Oops, yet another Booker Prize contender falling short of meeting its expectations :/ Stream-of-consciousness writing is not my thing at all, so I might give this book a skip. I wonder whether Will Self’s other books are written in the same style? Are there any that you would recommend, Jackie?

Chinoiseries, I haven’t read any of his other books so I’m afraid I can’t help you with that one. I’d be interested to know if any of his books are more readable because he sounds like such an intelligent man and I’d love to have a bit of insight into his ideas.

Judith, LOL! This would make the perfect desert island read! It would provide you with something to do for weeks. Perhaps after a few months of reading it everything would make sense?
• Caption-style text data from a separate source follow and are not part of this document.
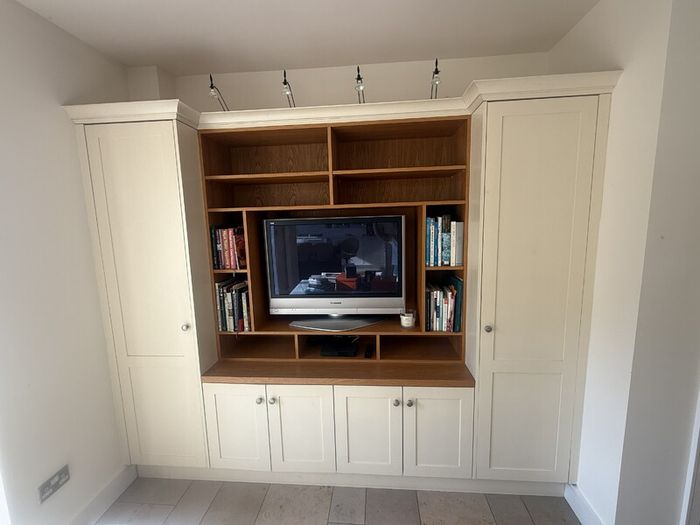 Storage/Cabinet/TV Unit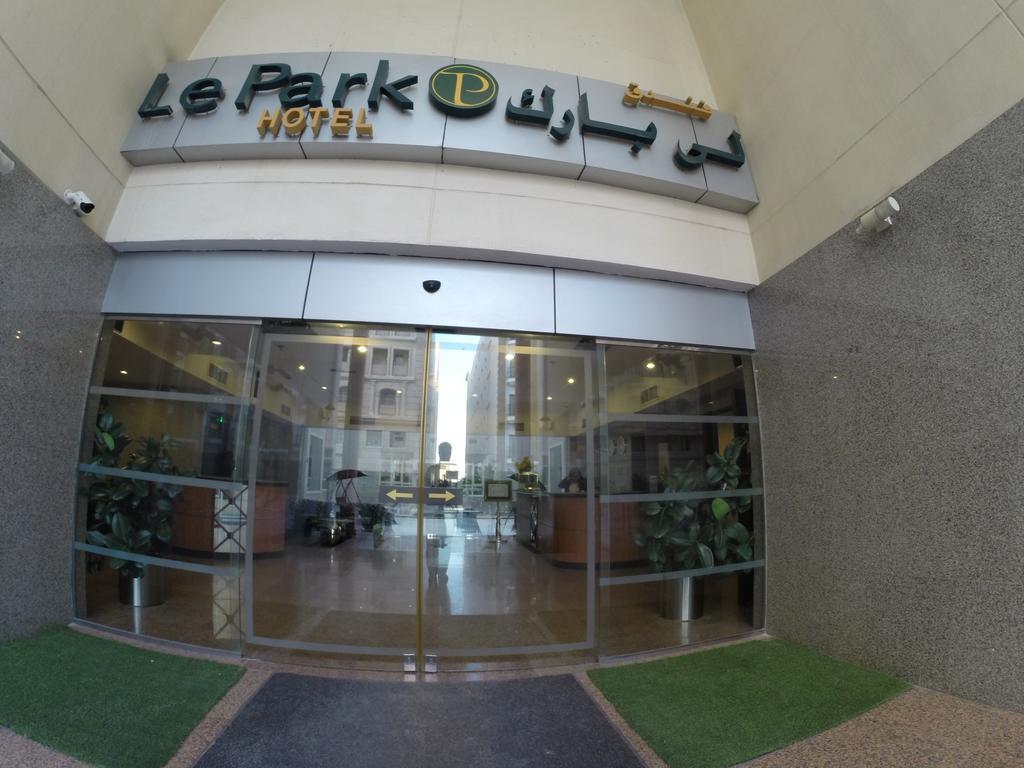 Le Park Hotel Doha Eksteriør billede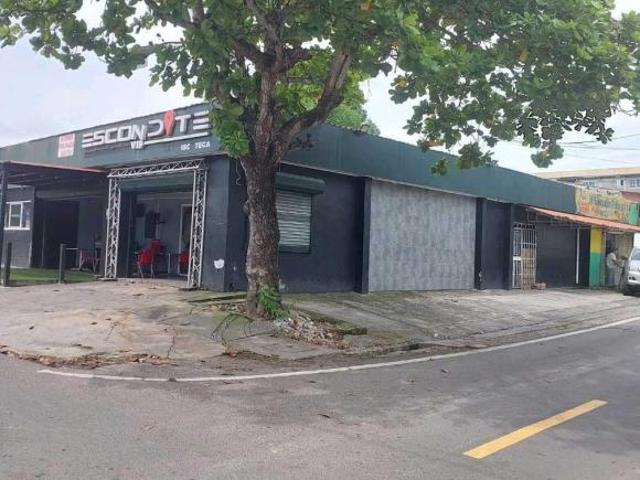 Se vende Local Comercial: Plaza Bar en Pedregal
SOC writing isn’t my thing :( I’ve heard that if you read it aloud it can be easier. But…doesn’t that seem like a lot of work? LOL I love books that make me think, not books that make my head ache.

Jennifer, “I’ve heard that if you read it aloud it can be easier” Perhaps that makes it a good candidate for an audiobook? If it wins I might try to get hold of the audio version and see if it makes more sense that way.

Diana, If you already have a copy then it won’t take much for you to read a few pages and get a general idea of the style. You’ll know whether or not it is for you within a couple of pages. Good luck!

I haven’t read anything by this author in particular, but I have often been confounded by books who were eligible for, or won, the Booker. They often seem to required quite a lot of perseverence, at least for me, to complete. I don’t always feel rewarded for my effort. But, a stream of consciousness style of writing does appeal to me, so you’ve piqued my interest there!

Bellezza, I often feel as though I’m not rewarded for my efforts either. I think the best books are easy to read, but have a greater depth if you investigate them further. Such a shame that so many literary fiction authors think their books are only good if half the population can’t make it through the first chapter :-(

Alex, Yes – I saw your glowing review. It is always good to see that someone outside the Booker judging panel sees something good in each book. It will be interesting to see if it goes on to win.

I want to give it a go, because it’s everywhere at the moment and I’d like to know what it (or rather Self) is about, but I’m not sure whether I’ll like it or not. And that’s partly for the reasons you’ve given for your abandonment. I’m torn over that quotation.

Charlie, I chose that quotation because it was one I liked, but I think it does a good job of showing the problems of the book. Such great words, buried beneath lots of long, meandering sentences. I’m torn over that one paragraph, but combine it with 1000s of similar ones and I’m lost. :-(

This was my first Will Self outing (I’d been interested in reading him and thought the Booker nomination the best place to start)…and I have to admit that I’ve also ‘parked’ it for the time being. Read the first 15 pages, perservered through to page 50 and then put it down. I found the stream of consciousness, lack of punctuation and intermittent moves between time periods a little difficult to get used to! Will revisit soon…(hopefully).

I like his points of view on Radio 4. But having tried to read a few pages of Umbrella I thought, oh my God unreadable. It seems there are two Will Self’s. One that can’t do DIY and put up a bookshelf and the other that is quite astute on abstract matters. he also didn’t bother to respond to a personal request.